== Task statement ==
Each line below from the line with "Productos Del Campo" to the line with "Recambio de motor" must be copied exactly, including those two, and no picture may appear in the copy.
(Records shown Opens)
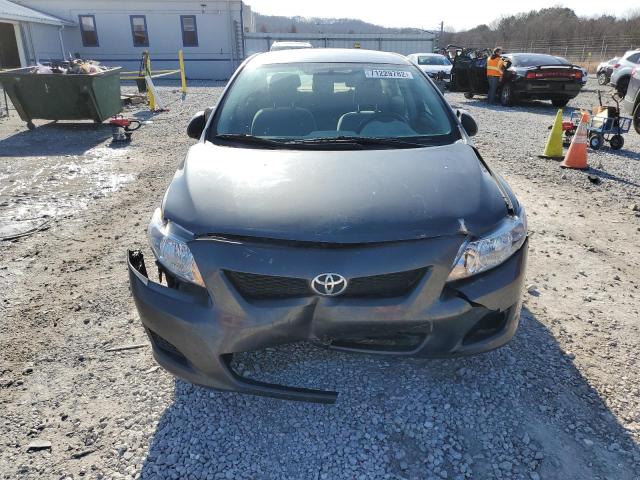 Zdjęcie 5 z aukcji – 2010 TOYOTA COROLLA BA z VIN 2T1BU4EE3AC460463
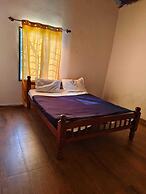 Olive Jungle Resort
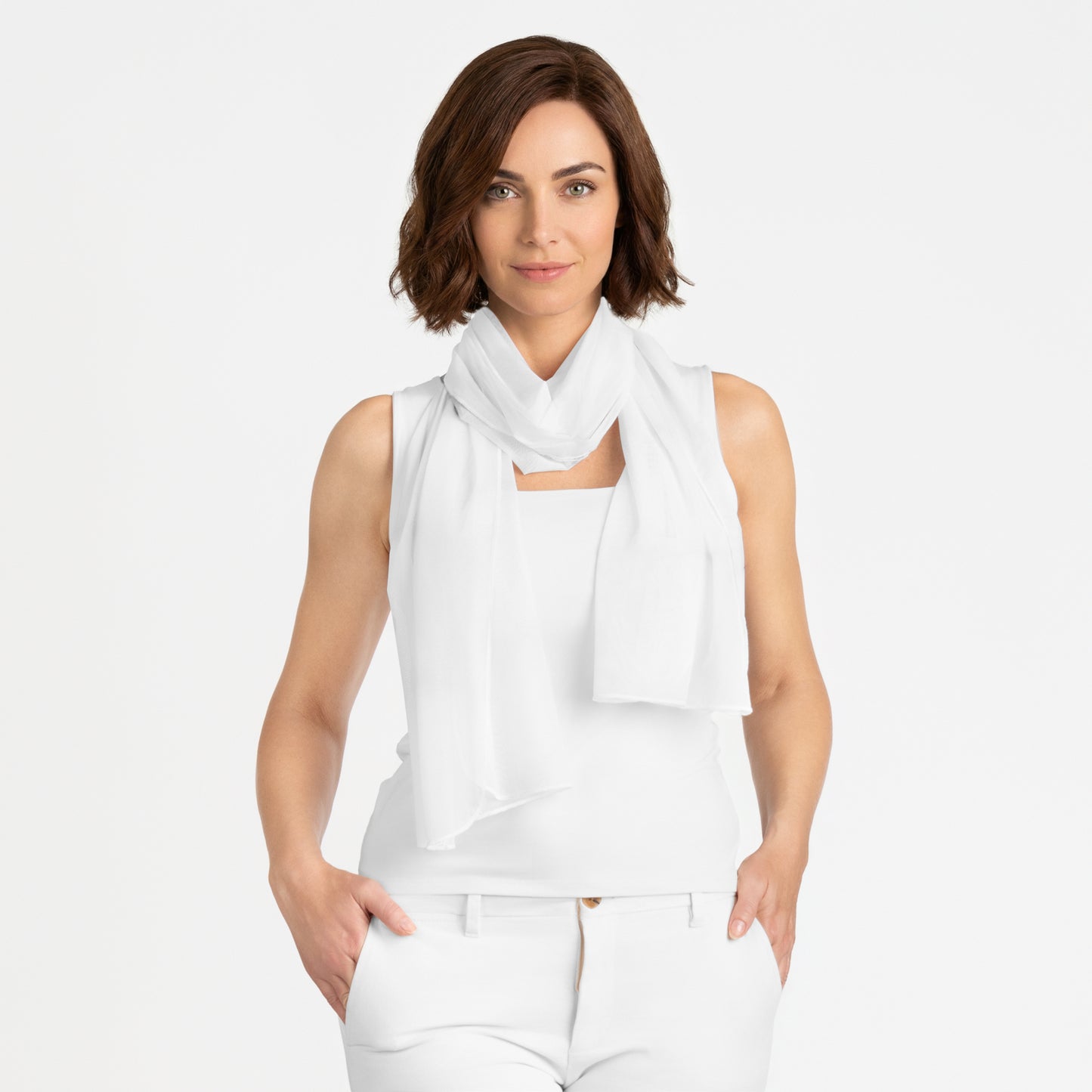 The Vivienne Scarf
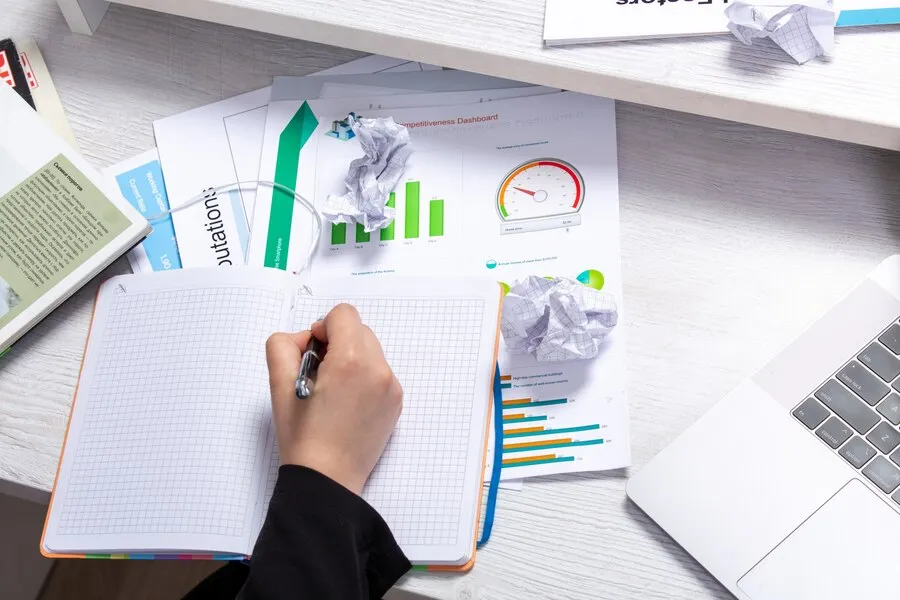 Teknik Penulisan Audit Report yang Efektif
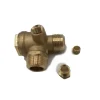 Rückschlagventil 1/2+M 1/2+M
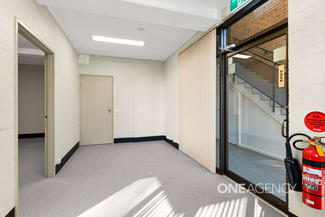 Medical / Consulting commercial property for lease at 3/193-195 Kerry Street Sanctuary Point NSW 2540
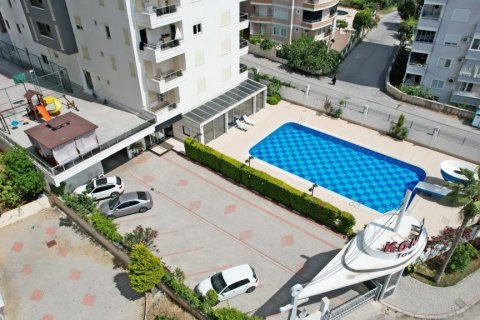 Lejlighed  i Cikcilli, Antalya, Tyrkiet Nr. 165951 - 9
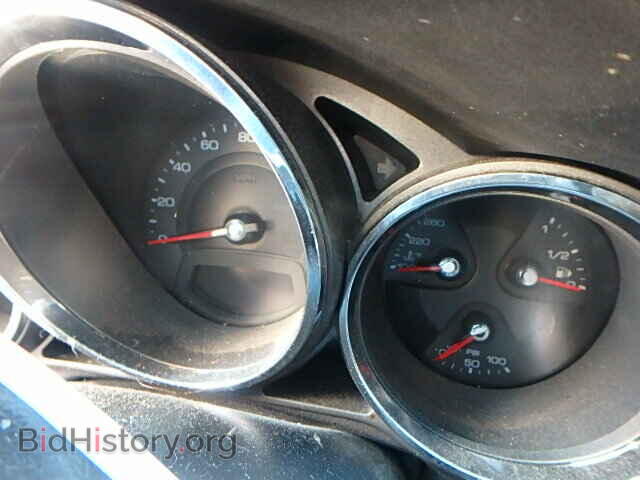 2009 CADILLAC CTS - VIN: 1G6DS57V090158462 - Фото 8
(Records shown Closes)
(Records shown Opens)
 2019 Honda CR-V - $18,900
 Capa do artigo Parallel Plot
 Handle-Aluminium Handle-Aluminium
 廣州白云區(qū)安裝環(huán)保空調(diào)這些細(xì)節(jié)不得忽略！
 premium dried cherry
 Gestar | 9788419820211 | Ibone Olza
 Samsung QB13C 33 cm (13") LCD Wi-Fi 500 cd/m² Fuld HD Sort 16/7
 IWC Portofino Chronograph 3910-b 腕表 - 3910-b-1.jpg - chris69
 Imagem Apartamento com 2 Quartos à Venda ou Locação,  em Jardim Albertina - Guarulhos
(Records shown Closes)
(Records shown Opens)
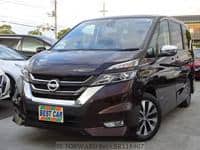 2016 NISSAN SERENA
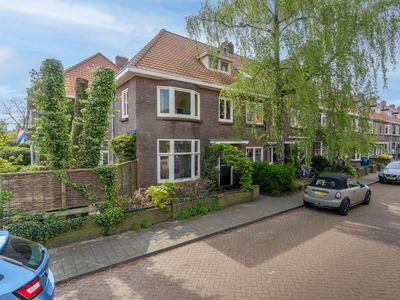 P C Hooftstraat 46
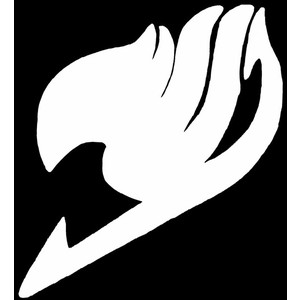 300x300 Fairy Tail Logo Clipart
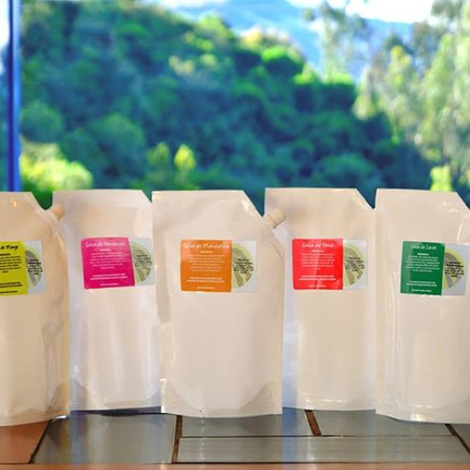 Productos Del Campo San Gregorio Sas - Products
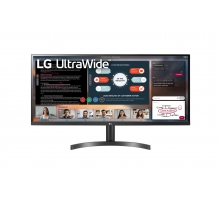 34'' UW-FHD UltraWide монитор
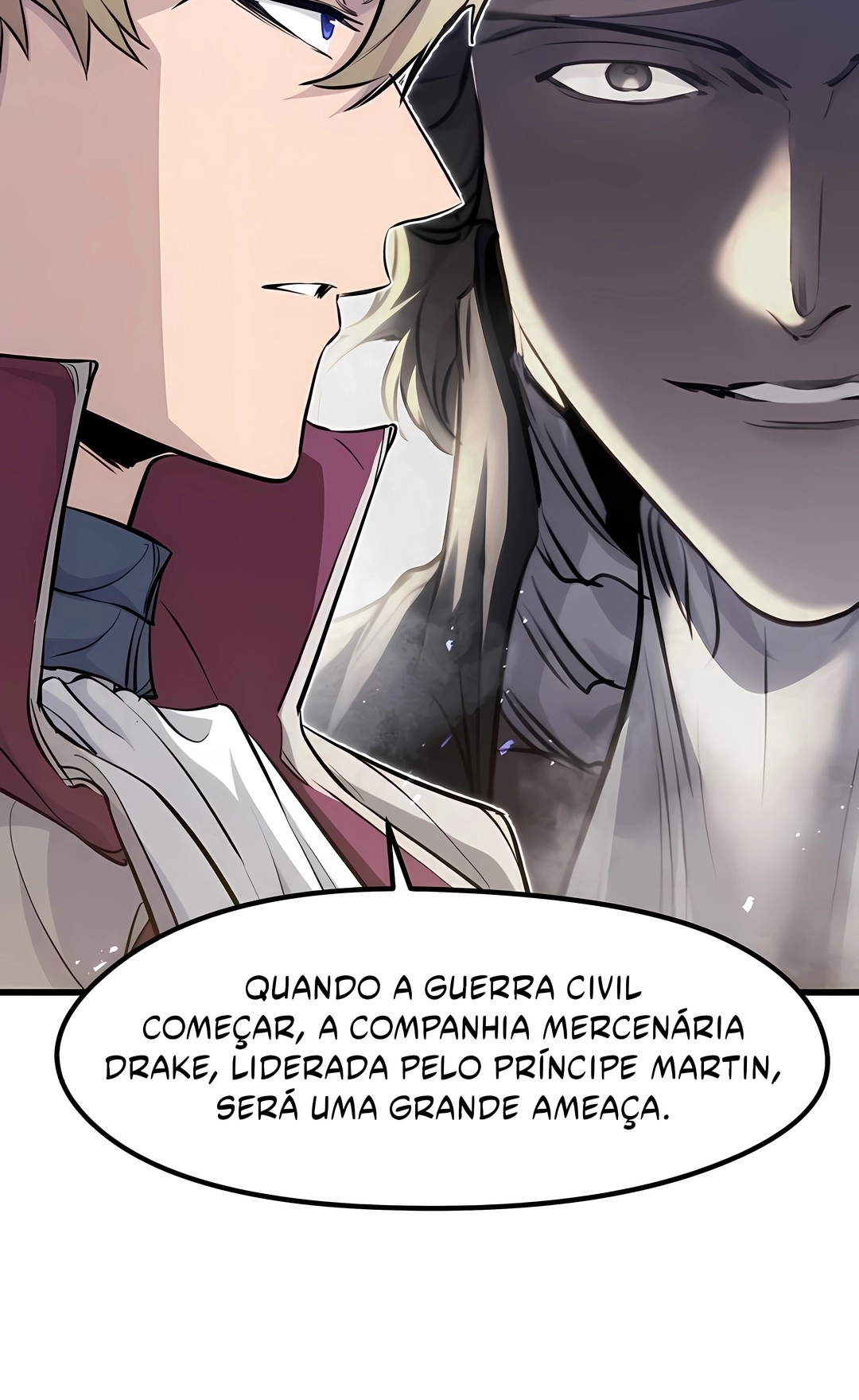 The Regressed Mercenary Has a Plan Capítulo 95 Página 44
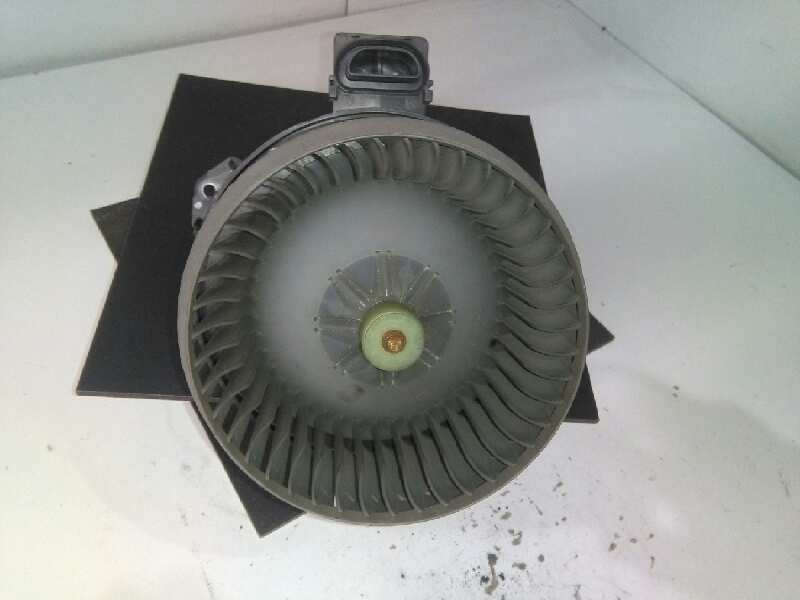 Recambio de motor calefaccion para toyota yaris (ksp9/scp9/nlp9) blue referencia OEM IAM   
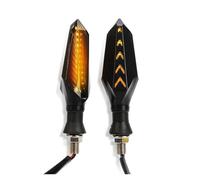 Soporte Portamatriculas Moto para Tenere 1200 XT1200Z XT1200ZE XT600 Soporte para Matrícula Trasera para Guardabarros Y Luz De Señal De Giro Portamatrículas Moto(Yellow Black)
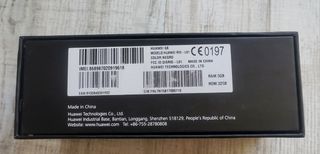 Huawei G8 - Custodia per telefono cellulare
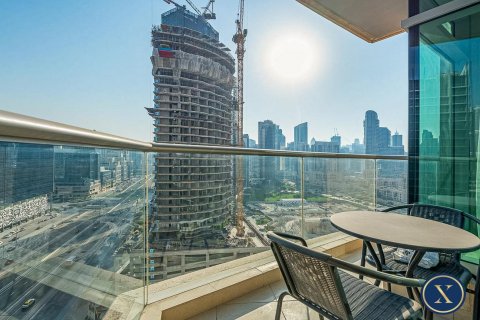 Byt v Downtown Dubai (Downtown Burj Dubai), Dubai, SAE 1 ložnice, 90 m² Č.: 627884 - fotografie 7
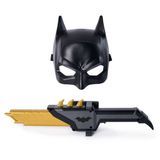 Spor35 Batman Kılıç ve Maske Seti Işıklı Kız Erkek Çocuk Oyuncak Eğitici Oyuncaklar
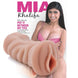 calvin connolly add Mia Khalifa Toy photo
(Records shown Closes)
== Exercise result ==
 Productos Del Campo San Gregorio Sas - Products
 34'' UW-FHD UltraWide монитор
 The Regressed Mercenary Has a Plan Capítulo 95 Página 44
 Recambio de motor calefaccion para toyota yaris (ksp9/scp9/nlp9) blue referencia OEM IAM   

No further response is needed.